Only the lines running from the line with "Circular map for RC227441L1" to the end of the listing below should be copied, exactly, without pictures.
BEGIN INFORMATION PROVIDED
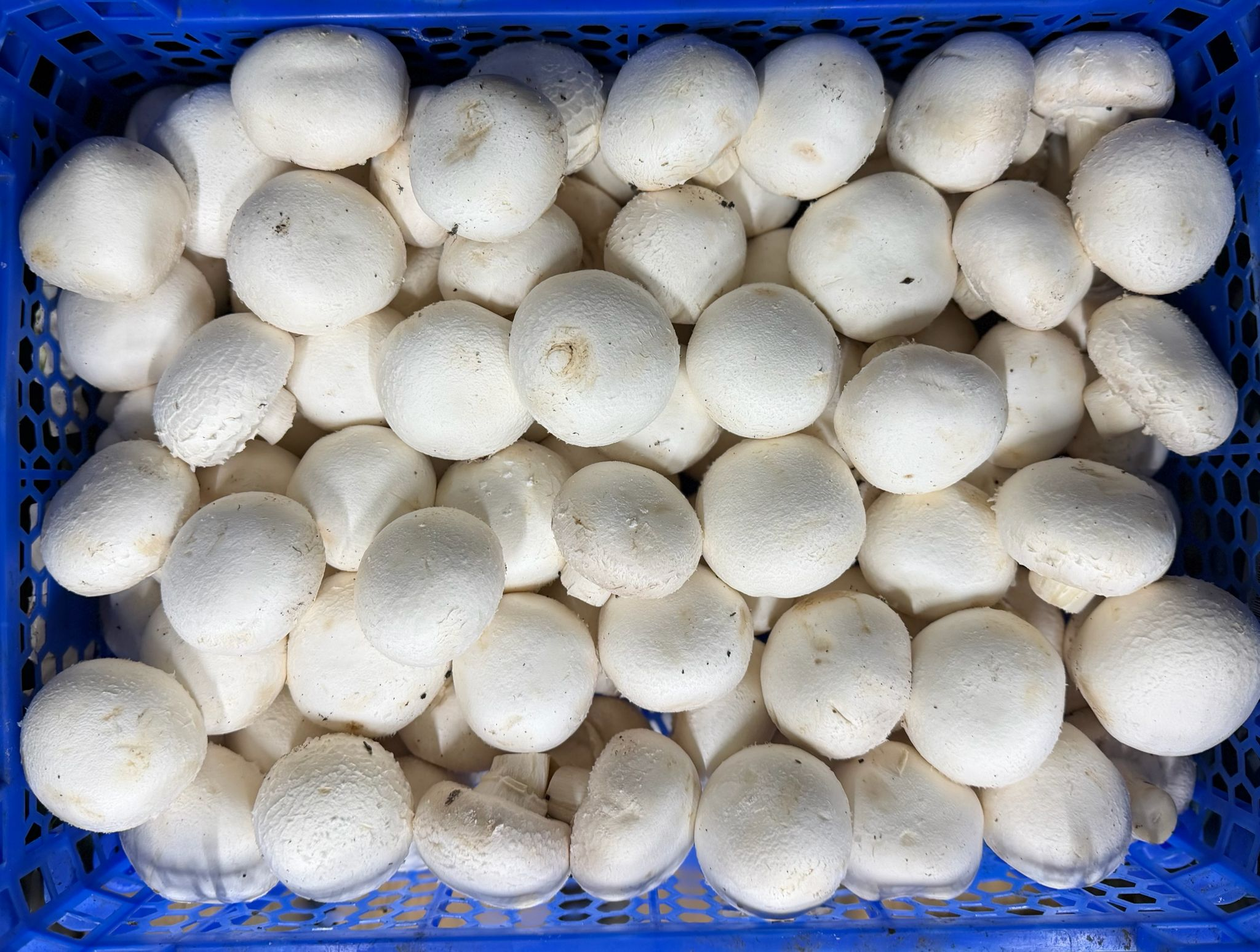 Champignons Mittel 3kg PO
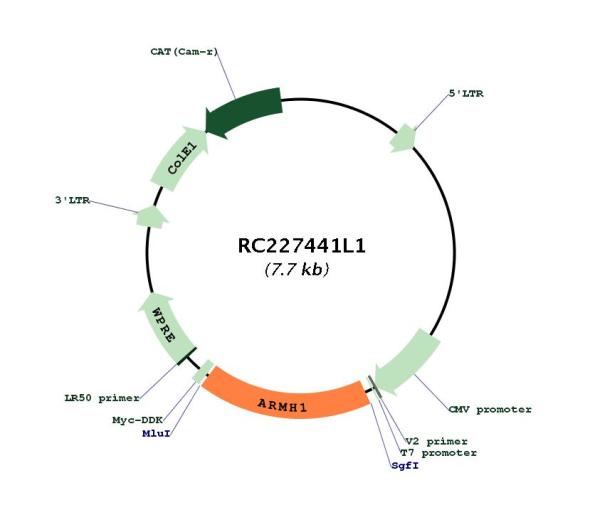 Circular map for RC227441L1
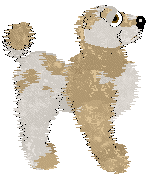 Mosswood Revelry's Mess Me Around — “Buttercup”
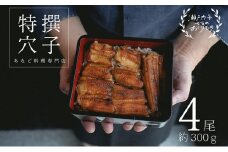 あなご 料理専門店の～ふっくら肉厚～ 特撰【 焼きあなご 4尾入 】 [№5735-1718]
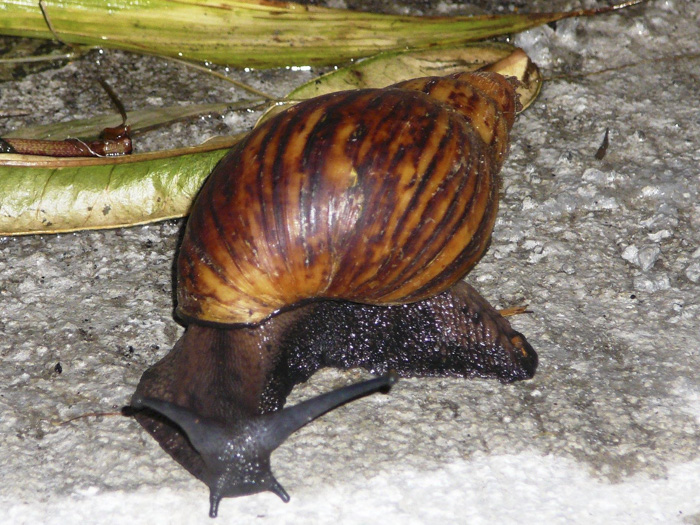 Achatina fulica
END INFORMATION PROVIDED
> TASK ANSWER:
 Circular map for RC227441L1
 Mosswood Revelry's Mess Me Around — “Buttercup”
 あなご 料理専門店の～ふっくら肉厚～ 特撰【 焼きあなご 4尾入 】 [№5735-1718]
 Achatina fulica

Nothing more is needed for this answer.